▶ [WORK ORDER] From the line containing "Men's Unisex Slippers" to the line containing "5.5 lbs Tight" in the entries below, reproduce every line exactly, ends included. Nothing else belongs in the copy, and no pictures.

▶ [PROVIDED DATA]
::::::::
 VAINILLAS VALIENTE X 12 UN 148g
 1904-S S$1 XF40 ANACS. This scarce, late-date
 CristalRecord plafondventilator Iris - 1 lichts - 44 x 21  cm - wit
::::::::
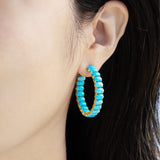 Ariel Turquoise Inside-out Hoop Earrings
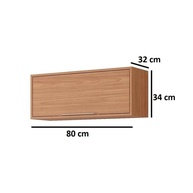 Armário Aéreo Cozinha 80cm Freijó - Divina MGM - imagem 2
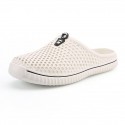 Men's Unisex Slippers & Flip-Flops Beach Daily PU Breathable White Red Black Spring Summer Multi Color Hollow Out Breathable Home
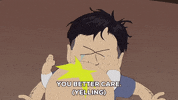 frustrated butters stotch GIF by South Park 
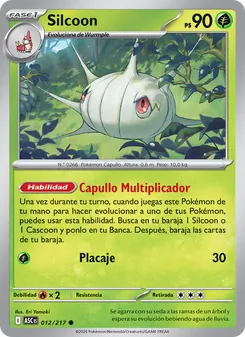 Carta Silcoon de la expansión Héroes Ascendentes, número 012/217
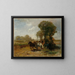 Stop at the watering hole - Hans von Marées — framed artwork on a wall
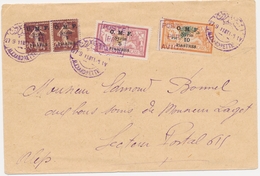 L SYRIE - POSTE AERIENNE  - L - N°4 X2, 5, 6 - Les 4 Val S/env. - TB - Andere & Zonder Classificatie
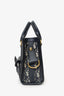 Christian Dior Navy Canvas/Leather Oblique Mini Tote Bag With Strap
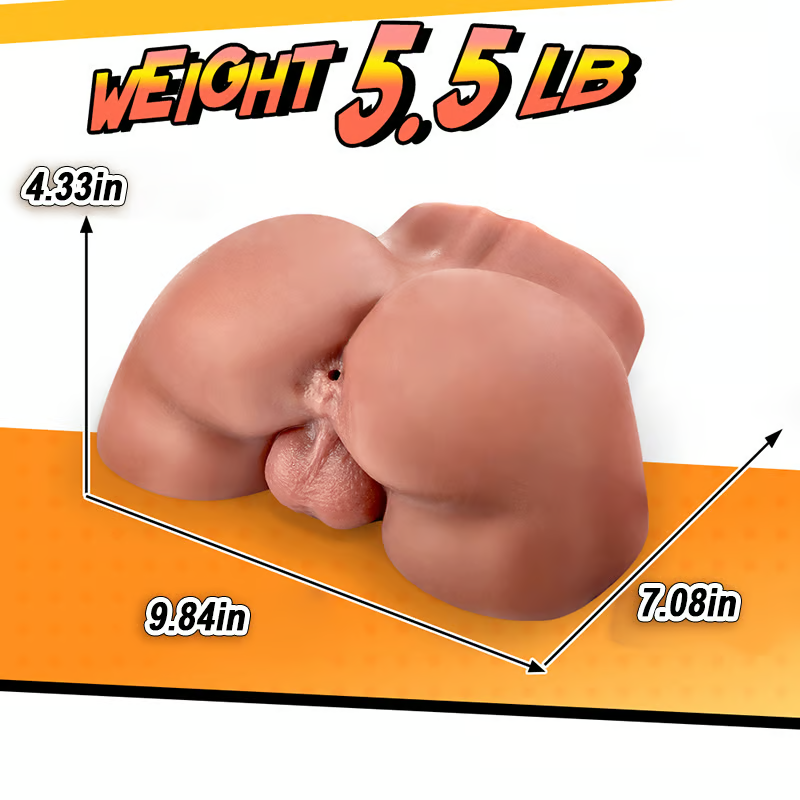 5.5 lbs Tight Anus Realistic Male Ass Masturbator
::::::::
▶ [OUTPUT]
 Men's Unisex Slippers & Flip-Flops Beach Daily PU Breathable White Red Black Spring Summer Multi Color Hollow Out Breathable Home
 frustrated butters stotch GIF by South Park 
 Carta Silcoon de la expansión Héroes Ascendentes, número 012/217
 Stop at the watering hole - Hans von Marées — framed artwork on a wall
 L SYRIE - POSTE AERIENNE  - L - N°4 X2, 5, 6 - Les 4 Val S/env. - TB - Andere & Zonder Classificatie
 Christian Dior Navy Canvas/Leather Oblique Mini Tote Bag With Strap
 5.5 lbs Tight Anus Realistic Male Ass Masturbator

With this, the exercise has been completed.